**TASK BRIEF**
Nothing should be omitted: restate the full listing word for word.

**DATA EXTRACT**
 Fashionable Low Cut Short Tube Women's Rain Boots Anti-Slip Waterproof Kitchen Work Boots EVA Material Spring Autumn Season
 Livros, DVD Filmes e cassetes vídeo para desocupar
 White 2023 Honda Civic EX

**RESULT**
 Fashionable Low Cut Short Tube Women's Rain Boots Anti-Slip Waterproof Kitchen Work Boots EVA Material Spring Autumn Season
 Livros, DVD Filmes e cassetes vídeo para desocupar
 White 2023 Honda Civic EX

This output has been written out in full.